What the task requires: Once the pictures are removed, restate the listing word for word.

Dataset section:
........

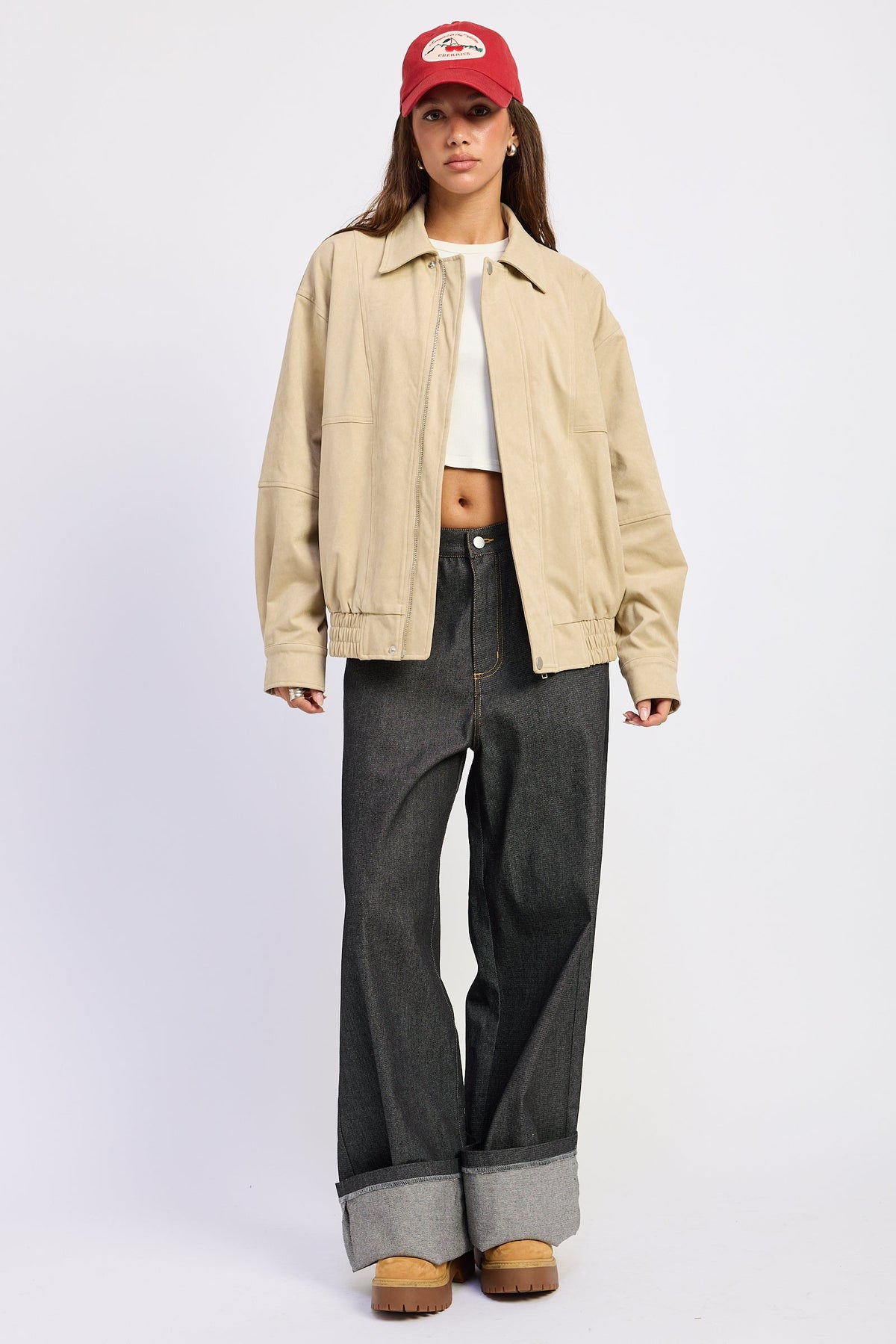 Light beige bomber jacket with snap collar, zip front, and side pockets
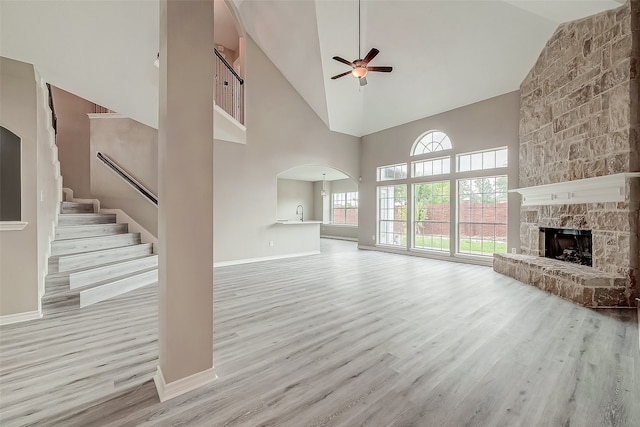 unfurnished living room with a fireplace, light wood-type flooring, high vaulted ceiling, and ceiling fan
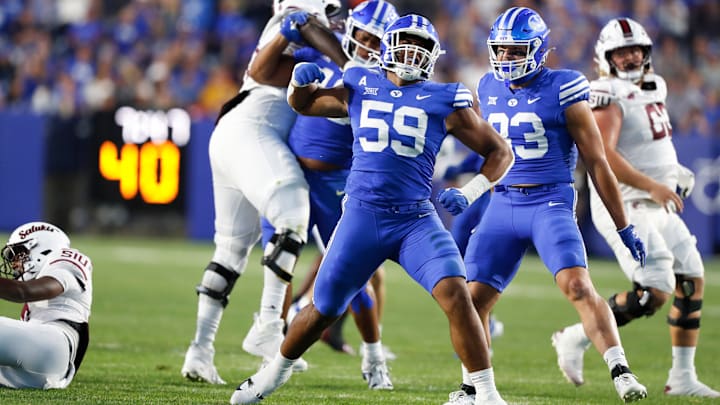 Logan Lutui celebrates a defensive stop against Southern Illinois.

........

Answer box:
 Light beige bomber jacket with snap collar, zip front, and side pockets
 unfurnished living room with a fireplace, light wood-type flooring, high vaulted ceiling, and ceiling fan
 Logan Lutui celebrates a defensive stop against Southern Illinois.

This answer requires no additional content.